Les blessures de jeunesse


            Je vois une autre raison qui pourrait faire qu'une femme joue à la drama queen un peu trop souvent: Les fameuses blessures de jeunesse. Ces blessures sont des lésions héritées de la tendre enfance lorsqu'on s'est fait ostraciser ou intimider. Parfois, ça vient aussi d'un milieu familial où il existait une inégalité dans l'attention donné à chaque enfant. Certaines femmes se sont souvent fait dire, dans leur jeunesse, qu'elles n'étaient pas capables de ceci ou de cela. Des trucs comme: «Ce n'est pas pour les filles!» ou «C'est un monde de gars, laisse ça aux vrais hommes». Même si ces commentaires peuvent paraître banals, lorsque c'est dit à répétition à une fillette intriguée par quelque chose, on peut finir par le croire et ainsi voir s'effondrer le château de cartes de ses ambitions. Dans tous les cas, il en découle souvent une défaillance de ce système qu'est notre confiance. Un manque de confiance en soi, un complexe d'infériorité non guéri, la recherche de sa vocation, de sa raison d'être et les perpétuelles remises en questions peuvent accélérer le développement de la drama queen qui dort en soi. Le trouble de la personnalité histrionique, tu connais? Plusieurs «m'as-tu vu?» en sont atteintes. Il n'y a pas juste les narcissiques et les égocentriques qui explosent à temps perdu, tu sais. Il existe plein d'autres «iques» dans le dictionnaire.

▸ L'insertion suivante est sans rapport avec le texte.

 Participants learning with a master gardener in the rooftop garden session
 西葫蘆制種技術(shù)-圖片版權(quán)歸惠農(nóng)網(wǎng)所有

            On fait comment pour les reconnaître, ces dudettes blessées là? Fafa. Elles prétendent être l'amie de tout le monde. Genre, très bonne amie. «Lui, c'est mon ami. Je le connais bien».  C'est peut-être vrai, mais quand cette phrase est associée à trop de personnes différentes à partir d'une même bouche en cœur, c'est louche. Utiliser une amitié comme faire-valoir, c'est un signe d'insécurité. De plus, les femmes à la personnalité histrionique s'intéressent beaucoup trop à la vie des autres. Elles agissent comme des sentinelles qui surveillent et montent la garde, et rapportent l'information en utilisant des formules indirectement teintées d'apparence de critiques. Bref, elles tendent des perches pour que quelqu'un d'autre ouvre le bal de la mauvaise langue pour elles, afin d'embarquer dans la danse sans en être formellement les instigatrices. N'est-ce pas sublime comme stratégie? Du grand art! Elles sont aussi drastiques et pleines de jugement, surtout envers les individus du même sexe. C'est de la jalousie mal placée, appelons un chat un chat. Après tout, le succès des autres leur enlève de l'attention et ce fait les blesse profondément. Et finalement, elles vont par moments faire des crisettes spontanées à leurs proches, puis se justifieront par des belles phrases toutes préparées mettant l'accent sur une de leurs nombreuses qualités: «Je suis désolée, mais tu me connais, je n'aime pas tourner autour du pot, je dis honnêtement tout ce que je pense»... Bla, bla, bla... L'excuse facile du «je dis ce que je pense» pour justifier une crise de jalousie et ainsi recentrer l'attention sur soi, c'est une stratégie qui date de la nuit des temps. Tout cela cache un magnifique spécimen de reine du drame en puissance, ni plus ni moins.


            On a tous quelqu'un comme ça dans son entourage. Moi-même, j'en connais quelques unes. Sincèrement, je préfère mille drama queens en crise hormonale qu'une seule de ces chercheuses d'attention suceuses d'énergie. 


            Bref, personne n'a envie de tomber face à face avec une femme en post-partum qui s'emmerde à la maison quand le bébé dort et qui jalouse la liberté de celles qui n'ont pas d'enfants à s'occuper et qui peuvent aller au match, au concert ou au ski quand bon leur semble. Et c'est sur ces belles paroles que je vais terminer ce texte et aller engouffrer un petit gâteau pour manger mes émotions avant de les répandre partout inutilement.